The prior industrial wastewater advanced treatment method comprises the following steps: 1) the membrane separation method has good removal for suspended matters, hardness and salt, but has higher requirement for influent COD, and the problems of blockage, frequent cleaning, frequent replacement of a filtering safety device, strong brine and the like can occur in the direct advanced treatment of industrial wastewater; 2) chemical oxidation methods, including ozone oxidation, fenton oxidation and wet catalytic oxidation, have good treatment effect on partial organic matters and chromaticity, but have poor removal rate on water hardness and salt; 3) adsorption methods, including activated carbon adsorption and resin adsorption, have certain adsorption effects on COD and salts, but are difficult to regenerate and high in operating cost; 4) the biological aerated filter method can only remove part of organic pollutants, and the hardness of water and the removal of salt are not obvious. Therefore, each advanced treatment technology has higher removal rate for a single pollutant, but the complexity of the pollutants in the industrial wastewater cannot meet the target requirement of a single technology, so the recycling rate of the wastewater and the economical efficiency, feasibility and stability of the technology can be ensured only by combining the advantages of the wastewater quality and various technologies.
An effective solution to the problems in the related art has not been proposed yet.
Disclosure of Invention
Aiming at the problems in the related art, the invention provides an industrial wastewater advanced treatment and recycling method, so as to overcome the technical problems in the prior related art.
The technical scheme of the invention is realized as follows:
an advanced treatment and recycling method of industrial wastewater comprises the following specific steps:
s1: firstly, introducing industrial wastewater into a settling tank, adding Na2CO3 into the settling tank, mixing and stirring by using a stirring motor, adjusting the pH value to 8.5-9.0, precipitating for 2.0-2.5 h, using iron ions in the solution as a flocculating agent, and adding polyacrylamide as a coagulant aid to remove the iron ions and hardness in the wastewater;
s2: introducing the sewage precipitated in the sedimentation tank into a coarse filtration tank through a pump body, and filtering out suspended solid in the sewage through a filter screen in the coarse filtration tank;
s3: introducing the wastewater after coarse filtration into a deep oxidation tank, fully mixing ozone and the wastewater by using an aeration device, and decomposing pollutants which are difficult to decompose by a common sewage biological treatment method by matching with a micro-electrolysis device to decompose macromolecular organic matters into micromolecular organic matters;
s4: introducing the wastewater into an activated carbon adsorption box, injecting air into the activated carbon adsorption box, adsorbing decomposed small molecular organic matters by using an activated carbon adsorption core in the activated carbon adsorption box, and generating a new hydroxyl ion;
s5: the absorbed water is conveyed into a photocatalytic oxidation box through a pump body, and a large amount of hydroxyl free radicals with strong oxidizability are generated from O3 by Ultraviolet (UV) to carry out secondary oxidative decomposition on organic matters in the wastewater;
s6: then the water is poured into a fine filtering tank for filtering to remove oil and a small amount of organic matters in the water, and finally the treated wastewater becomes reclaimed water which flows into a water storage tank as finished water and is conveyed out by a circulating pump.

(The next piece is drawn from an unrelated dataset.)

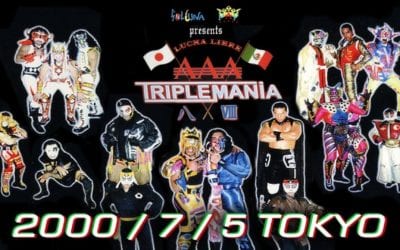 Match of the Day: Triplemania VIII at the Korakuen Hall (2000)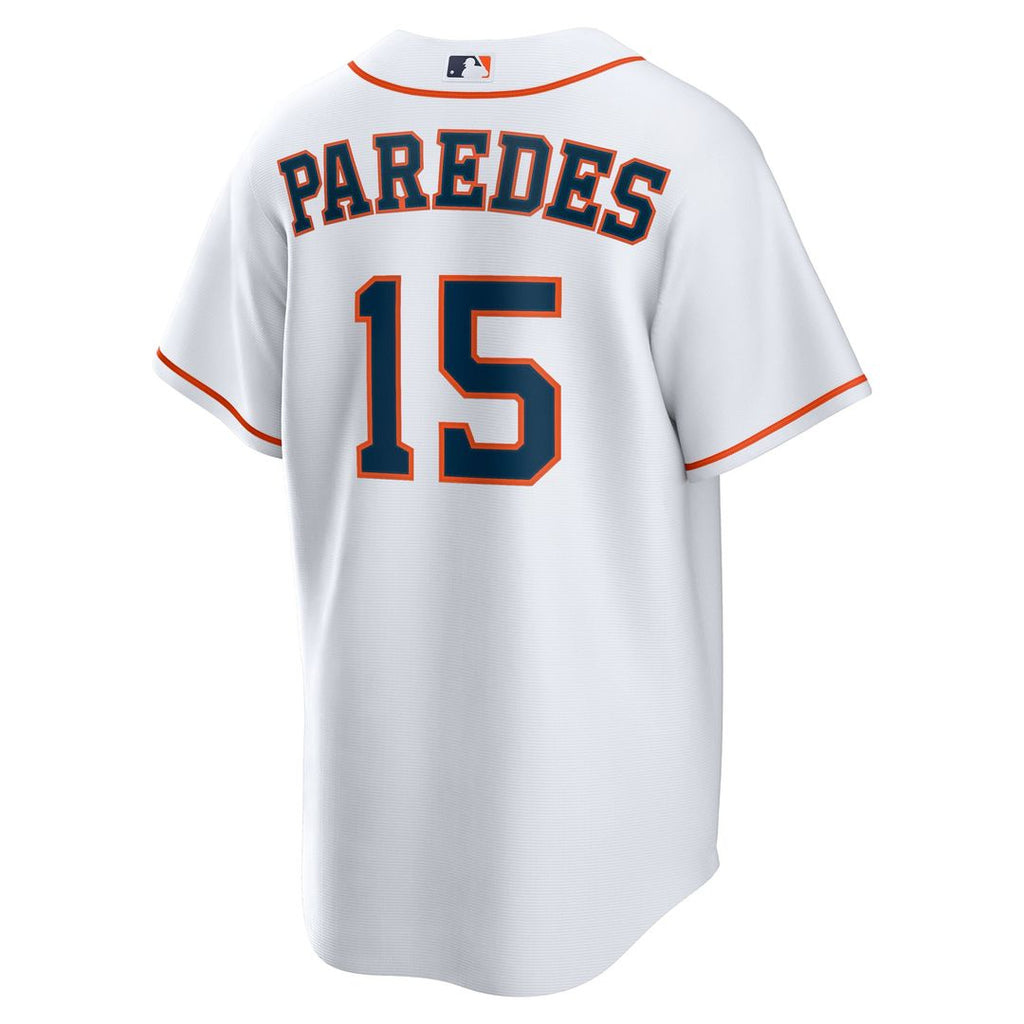 Houston Astros Isaac Paredes | Nike White Home Replica Jersey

Furthermore, the matched micro-electrolysis device utilizes the metal filler as an anode and carbon as a cathode, and decomposes the macromolecular organic matters into micromolecular organic matters through the reaction of the anode and the cathode.

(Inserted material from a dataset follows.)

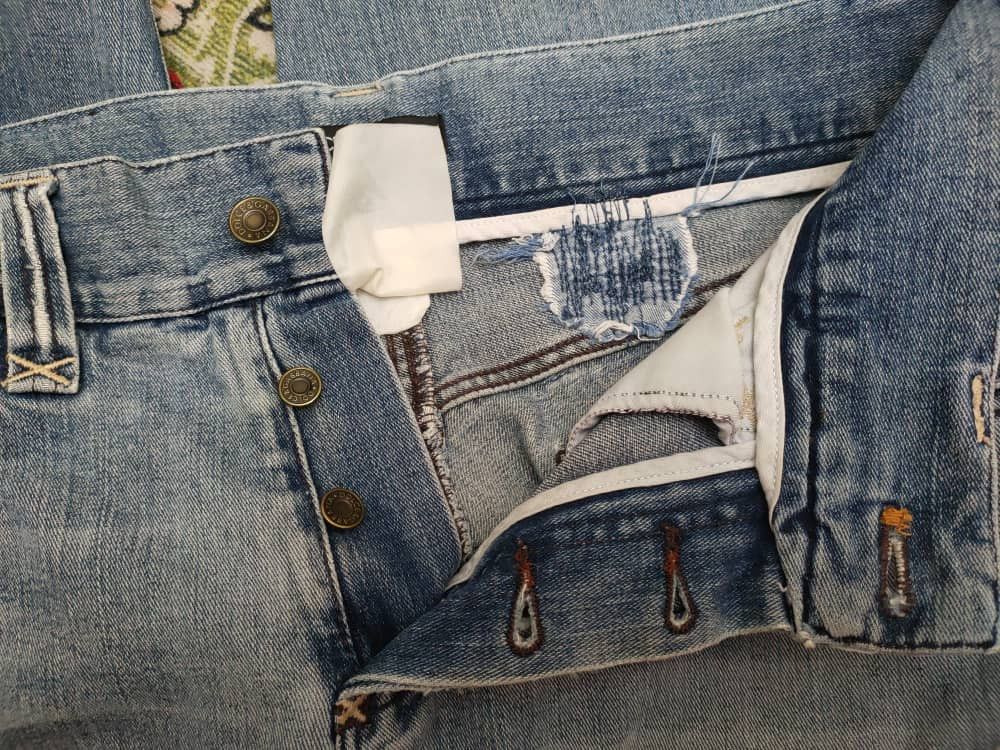 Dolce & Gabbana D&G Distressed Denim Size US 33 - 12 Thumbnail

Further, the rotational speed of agitator motor is 200 ~ 300 revolutions per minute, just agitator motor's model is QLJ135 agitator motor.
Further, the coagulant aid is any one or more of polyacrylamide, polypropylene, active silicic acid, sodium alginate and sodium carboxymethylcellulose.

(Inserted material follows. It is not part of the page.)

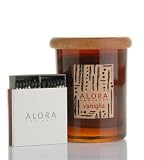 Vaniglia Candle 10.5 oz. by Alora Ambiance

The invention provides an industrial wastewater advanced treatment and recycling method, which has the following beneficial effects:
(1) firstly, the action of flocculating agent and coagulant aid is utilized to remove iron ions and hardness in the wastewater in the sedimentation tank, then the sewage precipitated in the sedimentation tank is led into a coarse filter tank through a pump body, solid suspended matters in the wastewater are filtered out through a filter screen in the coarse filter tank and then led into a deep oxidation tank, ozone and the wastewater are fully mixed by an aeration device, a micro-electrolysis device is matched to decompose pollutants which are difficult to be decomposed by a common sewage biological treatment method, macromolecular organic matters are decomposed into micromolecular organic matters for primary decomposition, the decomposed micromolecular organic matters are adsorbed by an activated carbon adsorption core in an activated carbon adsorption tank, the adsorbed water is conveyed into a photocatalytic oxidation tank through the pump body, Ultraviolet (UV) is utilized to enable O3 to generate a large amount of hydroxyl radicals with strong oxidability, and secondary oxidative decomposition is carried out on the organic matters in the wastewater, utilize at last to filter in the smart filtering ponds, utilize the circulating pump to carry away, such device simple structure, convenient operation can carry out dual decomposition to waste water and filter, improves the effect of decomposing the macromolecule into the micromolecule greatly, improves the purifying effect to waste water, and can cyclic utilization.
Drawings
In order to more clearly illustrate the embodiments of the present invention or the technical solutions in the prior art, the drawings needed in the embodiments will be briefly described below, and it is obvious that the drawings in the following description are only some embodiments of the present invention, and it is obvious for those skilled in the art to obtain other drawings without creative efforts.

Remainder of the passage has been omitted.